Problem description – Repeat all entries word for word; skip images.

Caption-style text data:
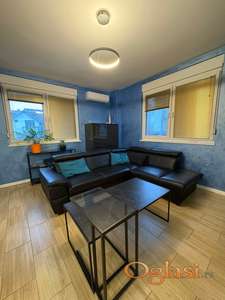 PRELEP TROSOBAN STAN U ULICI MILANA KOMA NA TELEPU + GARAŽA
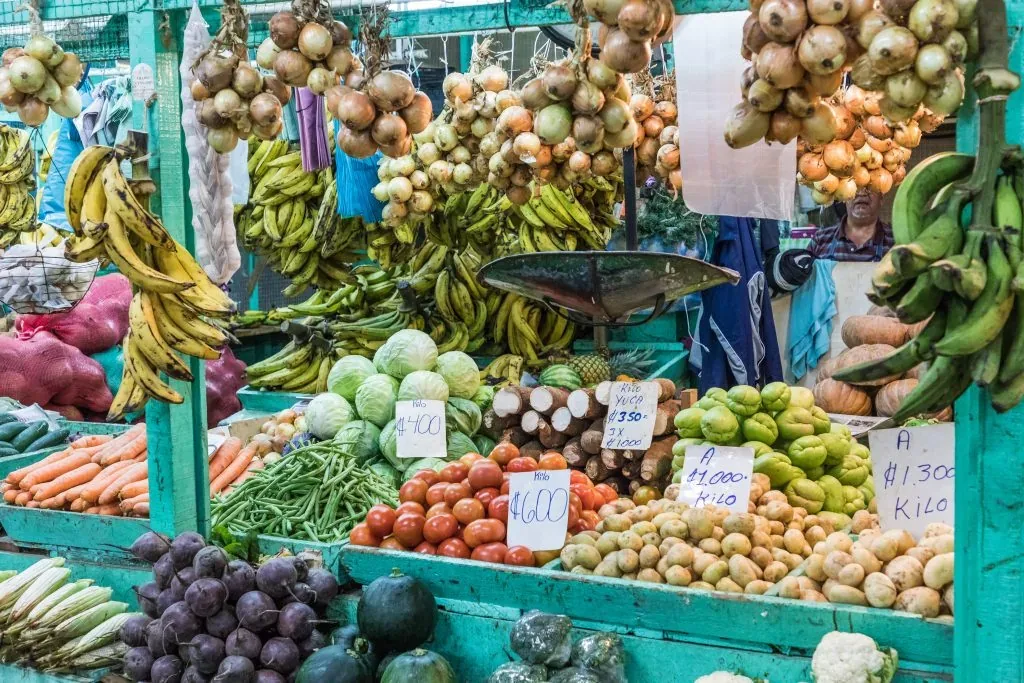 Feria del agricultor de Quepos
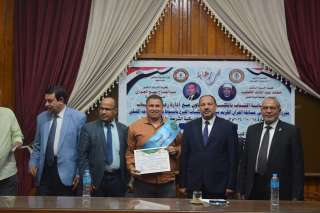 بالأسماء.. جامعة الأزهر تكرم الفائزين...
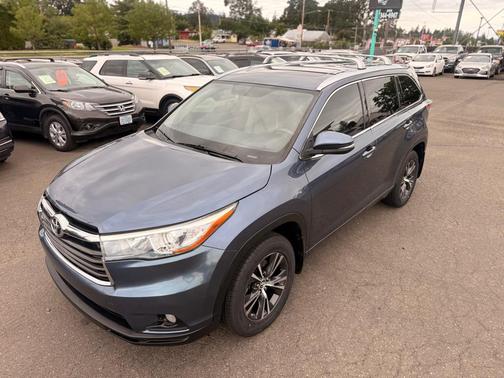 2016 Toyota Highlander XLE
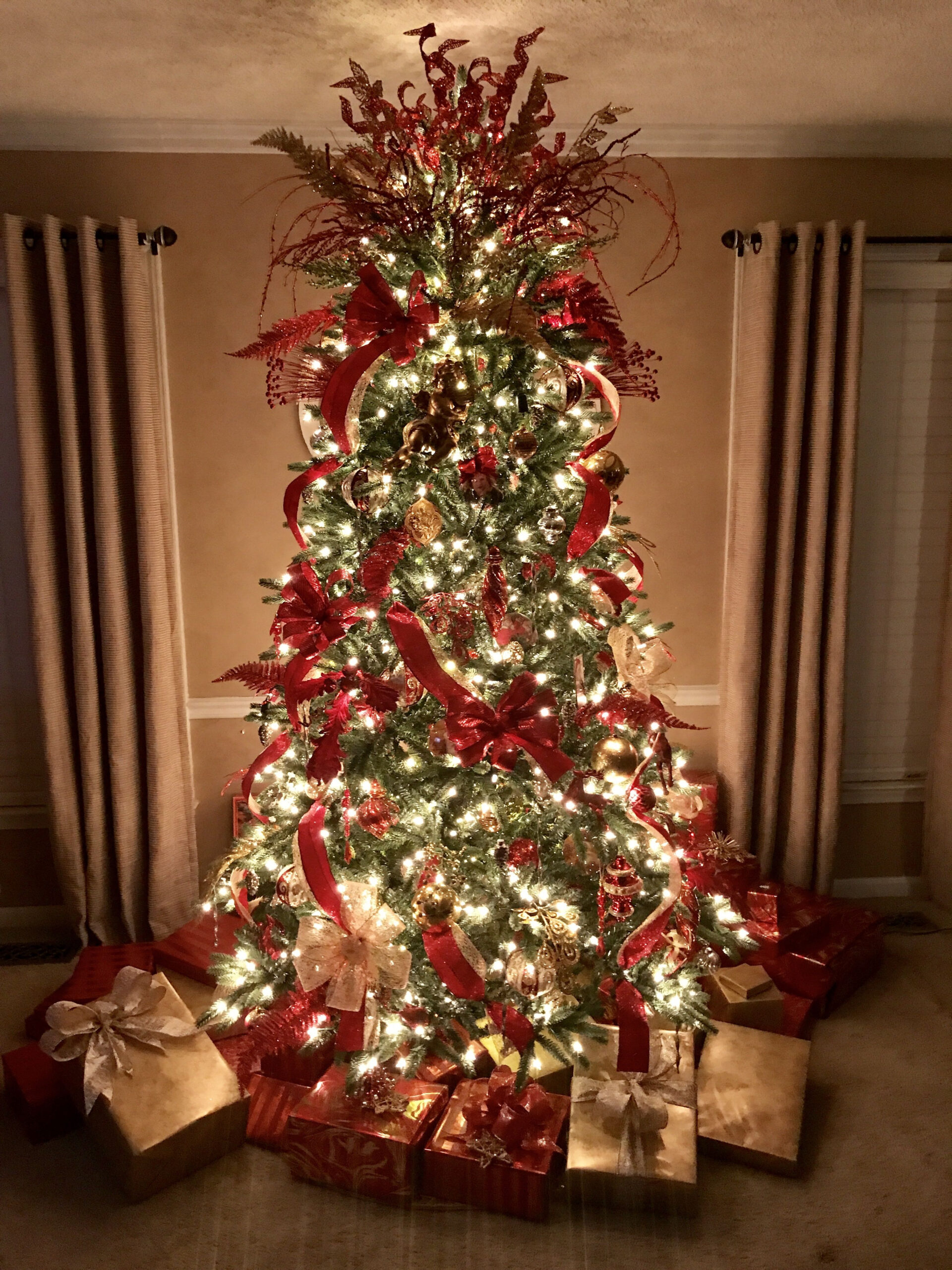 20 Red Christmas Tree Ideas: Make a Bold Holiday Statement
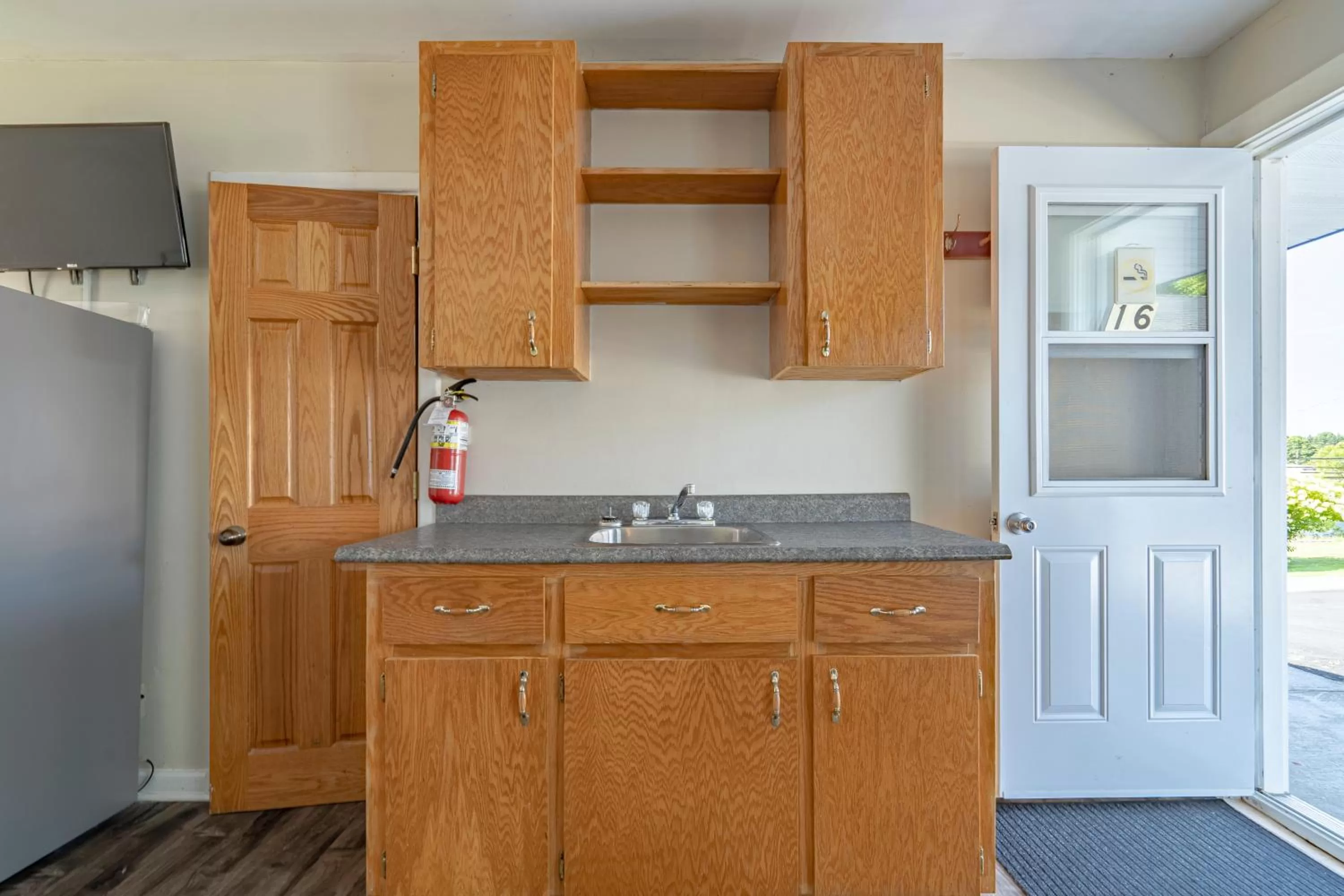 Kitchen or kitchenette in Novastar Motel On The Lake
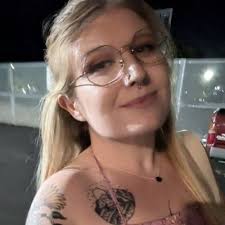 Claire Ricks (@clairericks2040)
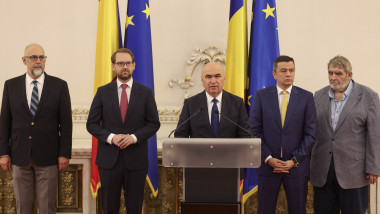 Moțiunea de cenzură: voturile minorităților decisive pentru soarta Guvernului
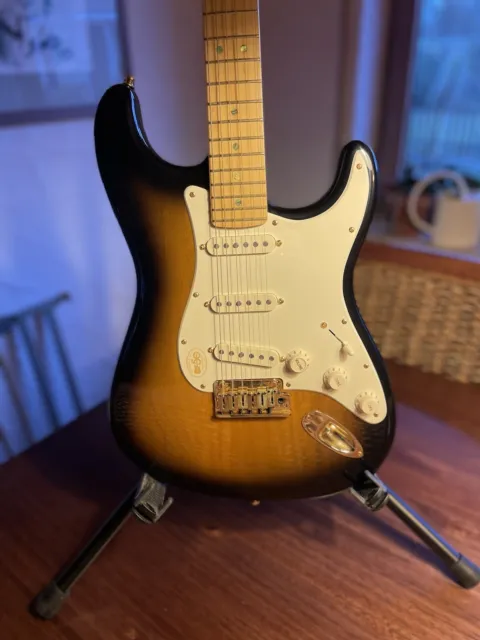 Fender Stratocaster 50th Anniversary Gold Ahorn - Neu / Ungespielt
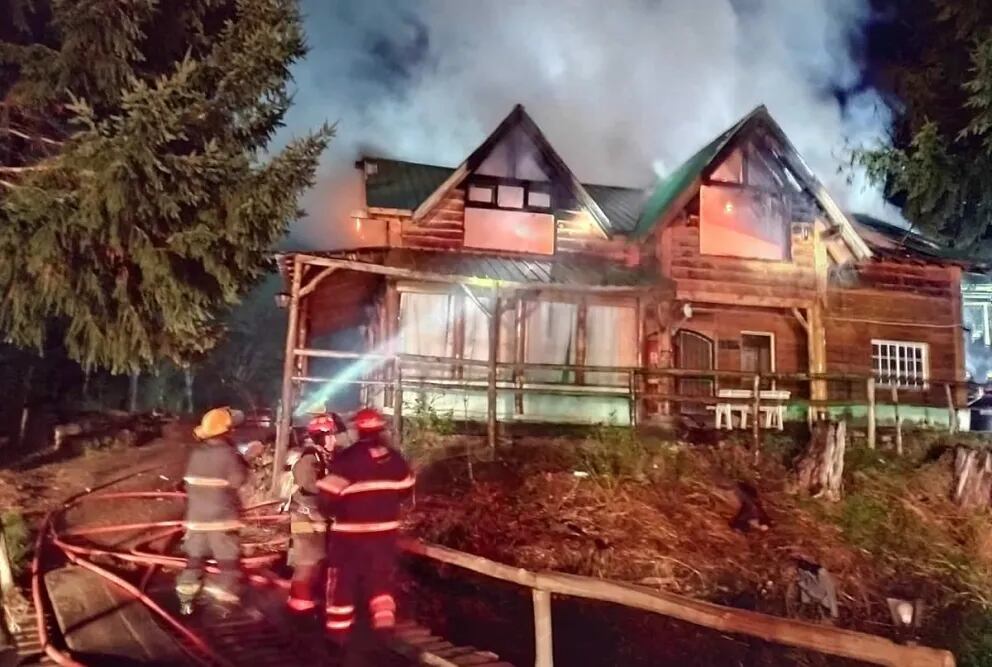 Impactante incendio en un exmotel de Villa La Angostura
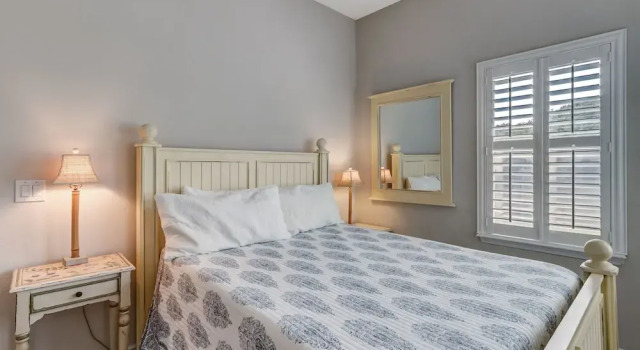 Номер Standard Stunning 3BR Condo w/ Wraparound Porch Ocean Park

Solved exercise –
 PRELEP TROSOBAN STAN U ULICI MILANA KOMA NA TELEPU + GARAŽA
 Feria del agricultor de Quepos
 بالأسماء.. جامعة الأزهر تكرم الفائزين...
 2016 Toyota Highlander XLE
 20 Red Christmas Tree Ideas: Make a Bold Holiday Statement
 Kitchen or kitchenette in Novastar Motel On The Lake
 Claire Ricks (@clairericks2040)
 Moțiunea de cenzură: voturile minorităților decisive pentru soarta Guvernului
 Fender Stratocaster 50th Anniversary Gold Ahorn - Neu / Ungespielt
 Impactante incendio en un exmotel de Villa La Angostura
 Номер Standard Stunning 3BR Condo w/ Wraparound Porch Ocean Park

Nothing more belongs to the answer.